You are viewing a plain text version of this content. The canonical link for it is here.
Posted to solr-user@lucene.apache.org by "Barnett, Jeffrey" <je...@yale.edu> on 2008/10/30 20:49:30 UTC

Changing mergeFactor in mid-stream?

The http://wiki.apache.org/lucene-java/ImproveIndexingSpeed page suggests that indexing will be sped up by using higher values of mergeFactor, while search speed improves with lower values.  I need to create an index using multiple batches of documents.  My question is, can I begin building with a high mergeFactor for the bulk of the load and then switch to a lower value for the final batch?  I build the indices offline, and only swap them to online when complete.  The online index is never updated.

Re: Changing mergeFactor in mid-stream?

Posted by Mark Miller <ma...@gmail.com>.
Otis Gospodnetic wrote:
> Yes, you can change the mergeFactor.  More important than the mergeFactor is this:
>
> <ramBufferSizeMB>32</ramBufferSizeMB>
>
> Pump it up as much as your hardware/JVM allows.  And use appropriate -Xmx, of course.
>   
Is that true? I thought there was a sweet spot for the RAM buffer (and 
not as high as youd think)?

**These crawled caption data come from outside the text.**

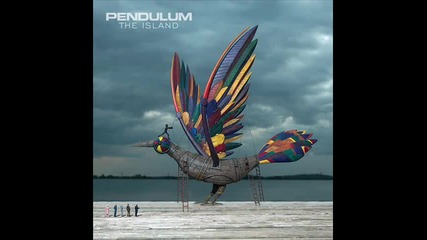Pendulum - The Island Part 2 (bass boosted)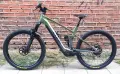 Електрически карбонов велосипед E Bike CUBE STEREO 140 TM, BOSCH CX, 750 Wh, Smart System - XL, снимка 3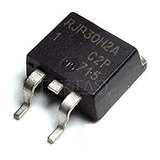 2x Mosfet Rjp30h2a Smd 30h2a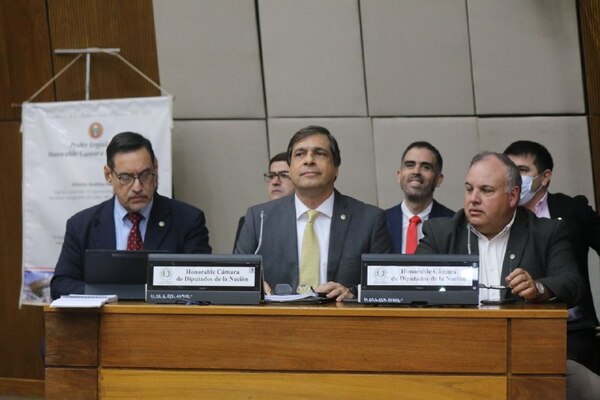Diario HOY | En sesión extra, diputados realizan interpelación al presidente del IPS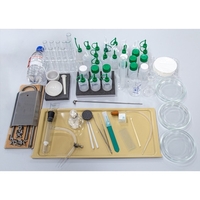 Комплект посуды и оборудования для ученических опытов (физика, химия, биология) - fgospostavki.ru - Тихорецк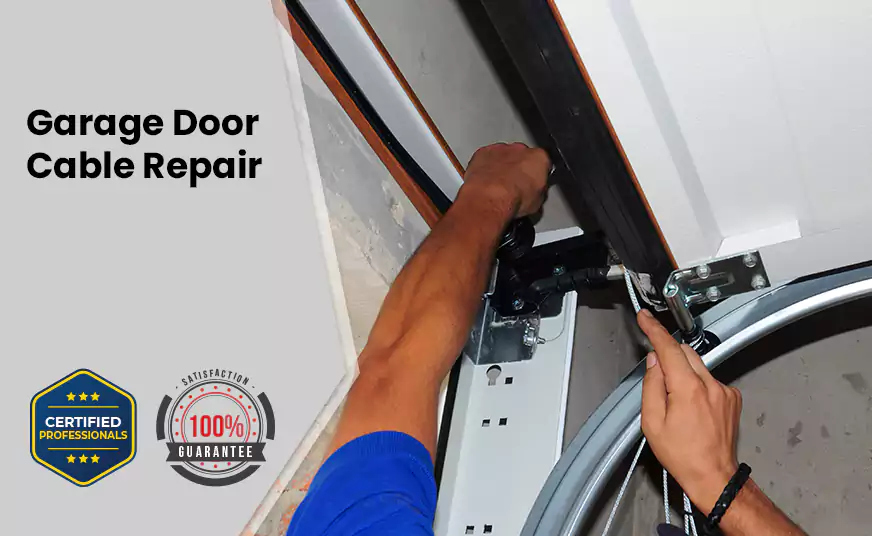 Garage Door Cable Repair in Greenacres, FL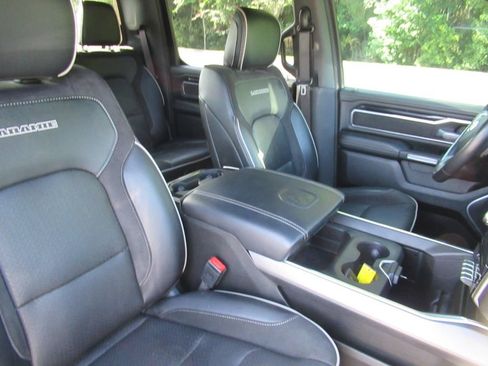Used 2021 RAM 1500 Laramie w/ Sport Appearance Package RWD image 9
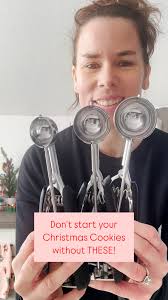 Comment SCOOPS below ⤵️ and I will send you my favorite ones., 🍪 Every  kitchen needs these! I use cookie scoops so often that I have multiple  sets! My top 3 benefits, ⏩ Consistency- same size cookie ...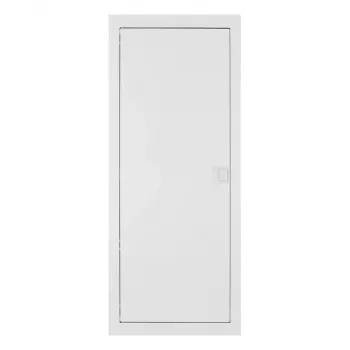 MSF SWITCHGEAR RP 5X 12 PE+N IP 30 WHITE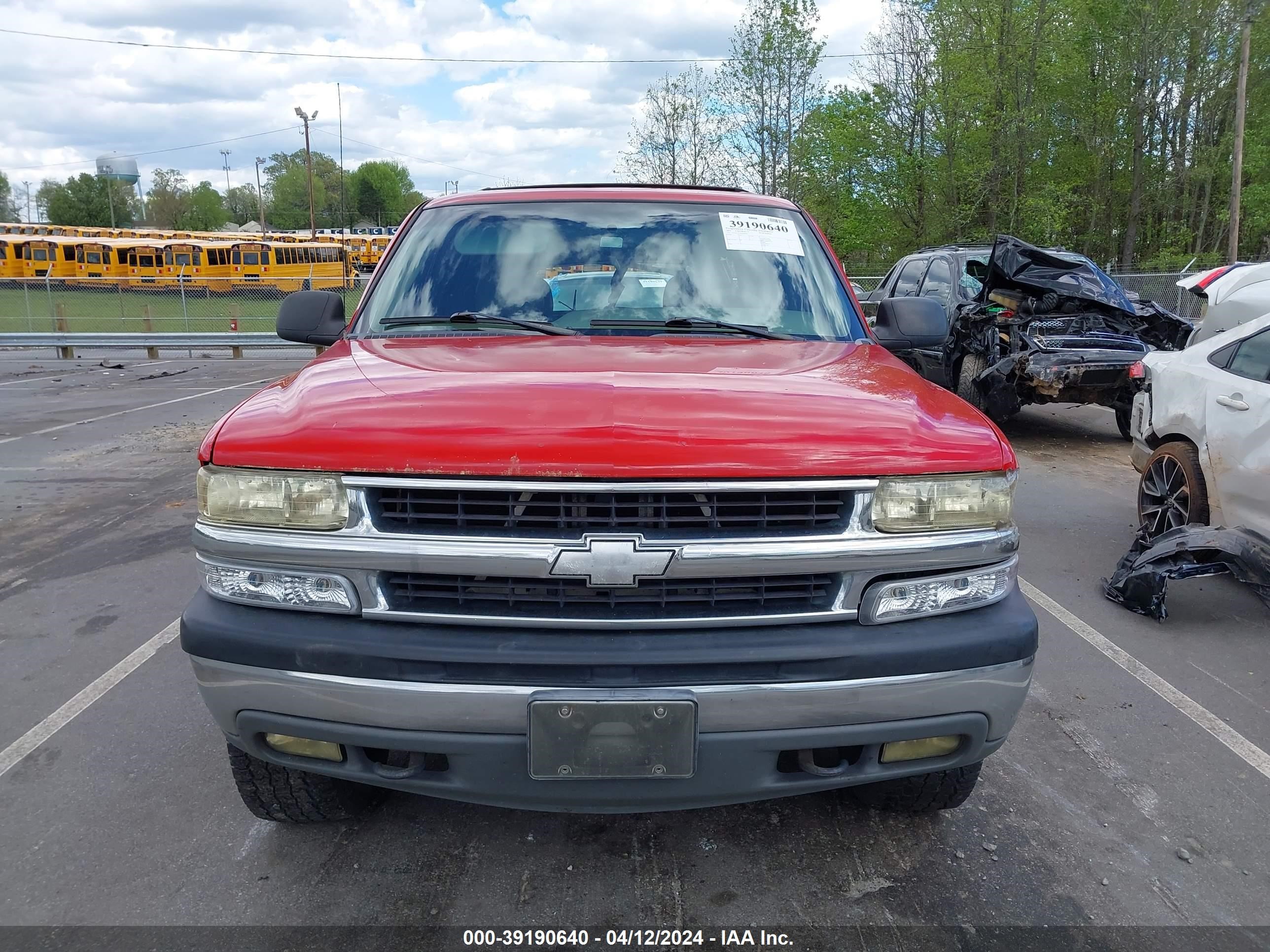 Photo 11 VIN: 3GNFK16T41G279050 - CHEVROLET EXPRESS 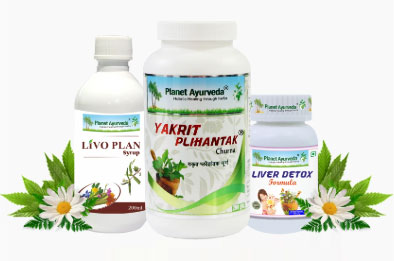  Best Ayurvedic Treatment for Fatty Liver - Try Our Care Pack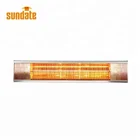 wall-mount ceramic electric infrared panel heater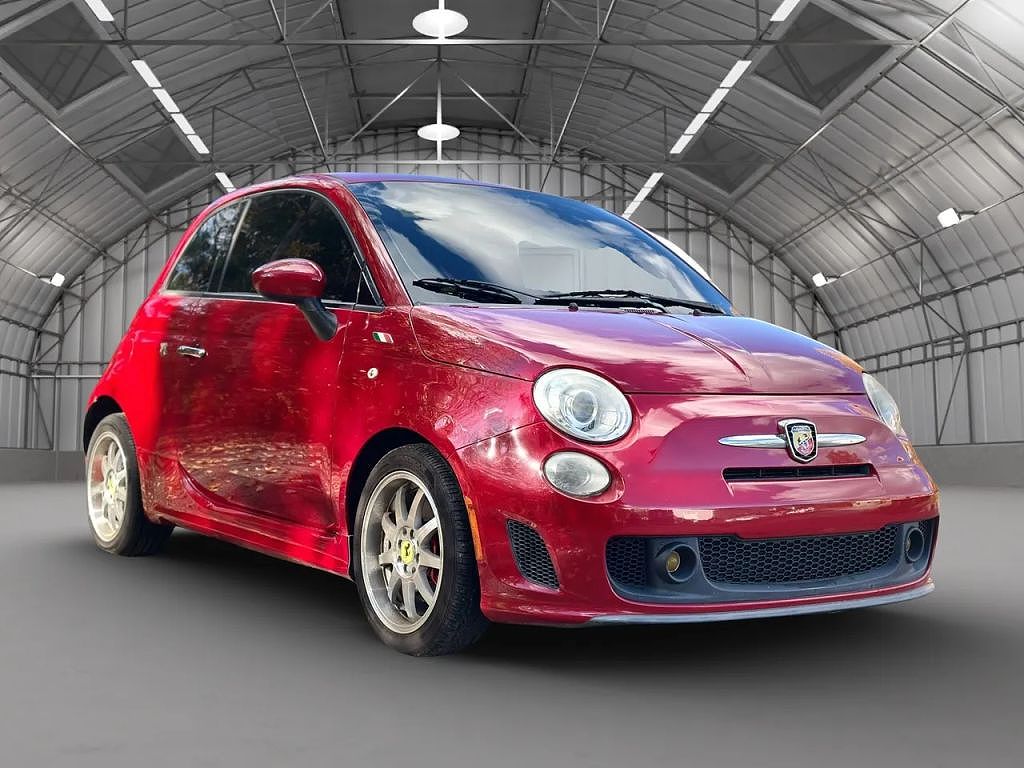 2013 Fiat 500 Abarth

You might want to test that out a bit before 
riding it too high...


Re: Changing mergeFactor in mid-stream?

Posted by Otis Gospodnetic <ot...@yahoo.com>.
Yes, you can change the mergeFactor.  More important than the mergeFactor is this:

<ramBufferSizeMB>32</ramBufferSizeMB>

Pump it up as much as your hardware/JVM allows.  And use appropriate -Xmx, of course.


Otis
--
Sematext -- http://sematext.com/ -- Lucene - Solr - Nutch



----- Original Message ----
> From: "Barnett, Jeffrey" <je...@yale.edu>
> To: "solr-user@lucene.apache.org" <so...@lucene.apache.org>
> Sent: Thursday, October 30, 2008 3:49:30 PM
> Subject: Changing mergeFactor in mid-stream?
> 
> The http://wiki.apache.org/lucene-java/ImproveIndexingSpeed page suggests that 
> indexing will be sped up by using higher values of mergeFactor, while search 
> speed improves with lower values.  I need to create an index using multiple 
> batches of documents.  My question is, can I begin building with a high 
> mergeFactor for the bulk of the load and then switch to a lower value for the 
> final batch?  I build the indices offline, and only swap them to online when 
> complete.  The online index is never updated.